Inilah saat aku mendapatkan gadis pujaanku. Gadis impian yang aku impikan setiap malam. Aku seorang wiraswasta dalam perdagangan bisnis dunia. Pekerja dalam perdagangan ekspor – impor untuk indonesia. Tubuh tinggi dan perkasa bukan jaminan untak mendapatkan wanita sempurna. Wajah tampan bukan jalan mendapatkan kemudahan jodoh dalam kehidupan. inilah aku pemuda gagah dan rupawan yang masih membujang. Karier pekerjaan memang mampan dan memenuhi standar kehidupan modern. Saat ini aku berumur 24 tahun. Rumah mewah dan megah telah berdiri dengan hasil peras keringatku. Di kota besar Jakarta namanya Bukan tanggung – tanggung lagi. Rumah besar dan indah bagai surga serasa telah membawa dalam kesuksesan usaha. tapi sayang pendamping hidup belum ketemu dalam bayangan hatiku.
Bukannya sombong. Kehidupan kaya tidak melupakanku pada sang Pencipta. Sholat, puasa, zakat aku lakukan untuk bersyukur pada-Nya. Tak lupa dengan uangku, aku sanggup menyantuni anak – anak yatim piatu. Dirumah yang aku didirikan aku mengasuh dua puluh anak – anak yatim. Sebagai rasa syukur pada sang Pencipta.
Teringat akan pesan sang bunda. Agar segera mencari pendamping hidup dalam suka dan duka. Layangan itu semakin membuat hati tak menentu. Apa lagi calon wanita tak ada dalam bayangan.
Pagi hari telah menyongsong. Cahaya terang masuk dalam jendela kamar. Suara – suara parau para penghuni gedongan. Sekumpulan anak asuh telah siap menanti kehadiranku. Untung dalam anak yang aku asuh, ada beberapa anak yang memasuki sekolah SMA. Jadi untuk masalah makan seluruh anak asuh aku percayakan pada anak asuh yang menginjak dewasa. Biaya dan kehidupan aku berikan sesuai kebutuhannya.

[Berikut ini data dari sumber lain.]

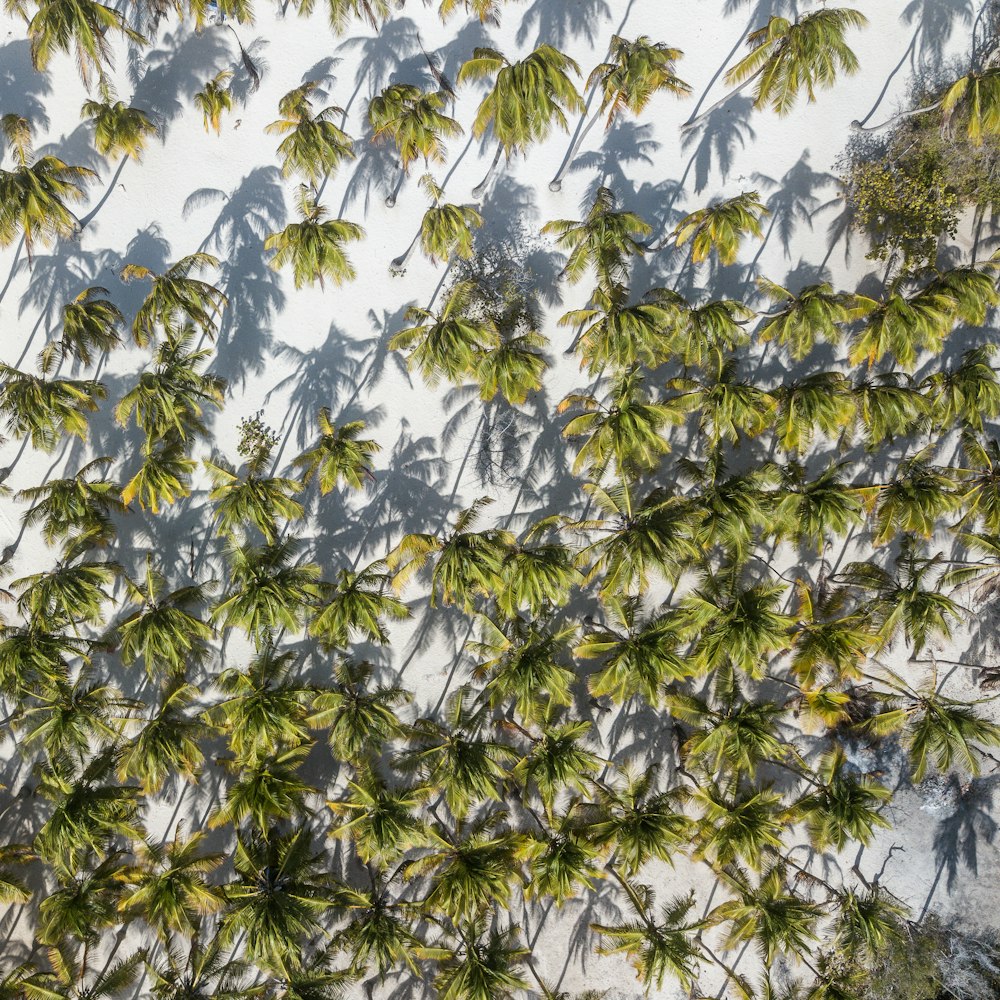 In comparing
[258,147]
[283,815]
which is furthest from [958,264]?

Dan aku sendiri memang bukan suka hura – hura setiap malam. Aku lebih suka duduk dalam ketenangan menghadap sang Pencipta dalam kegelapan malam. Hidup sederhana aku terapkan agar tidak ada kesenjangan dalam kehidupan.
Masakan telah disiapkan oleh anak asuhku. Makanan sederhana dengan gizi seimbang untuk tubuh dan raga. Berkumpul bersama di meja makan besar. Ruangan yang aku sediakan untuk makan besar seluruh anggota keluarga.
Tiba – tiba sebuah dering telopon terdengar. Kring.....kring.......!. bunyi yang menggangu kenikmatan makan. Kubiarkan tetap berbunyi. Aku segera mengangkat  teleopon. Sayup suara merdu mutiara. Hiasan indah dalam gambaran surga. Asalamu’ alaikum suara merdu na syahdu dari kabel eletronik.
“Apa ini bapak Herman.....?”
Aku terbayang akan sosok bidadari pujaan. Hati melayang menebus bayangan. Melamun dengan tenang.
“Halo....halo.....maaf apa ini bapak Herman .......?”
“Halo.....!”
“Iya benar......kalau boleh tahu ini dari siapa ya.....?”
“Oh maaf pak, saya petugas dari bank memberitahukan kepada bapak untuk datang ke bank Mandiri Syariah karena akan masalah mengenai tabungan bapak.............!”
“Baik saya akan segera ke sana..............!”
Telopon ditutup rasa hati selalu berdebar. Suara alunan dari bibir merdu melalui kabel telah hilang terdengar. Hati berdebar, jantung berdetak kencang. Seakan hidup baru akan masa depan.
Anak asuh telah bersiap untuk berangkat ke sekolah. Aku siap untuk pergi ke bank karena ada masalah yang harus aku selesaikan. Aku mengantarkan ke depan pintu gerbang sekolah. Hari ini rasa hati berdebar. Sosok suara perempuan dalam kabel telepon masih berkumandang dalam hatinya. Seakan akan harapan calon hidup dalam dekapan.
Aku segera membalikkan kendaraan menuju bank tujuan. Tiba disana aku masuk kedalam. Aku segera menanyakan kepada security. Karena tak tahu harus bertemu siapa aku kebingungan. Bingung pusing tidak karuan.
Ada apa pak.......?” tanya security.
“Pak tadi pagi saya mendapatkan telepon dari bank, saya disuruh datang untuk menemui ....salah satu petugas bank...........!” kata Herman.
“Apa anda Pak Herman......?” tanya security.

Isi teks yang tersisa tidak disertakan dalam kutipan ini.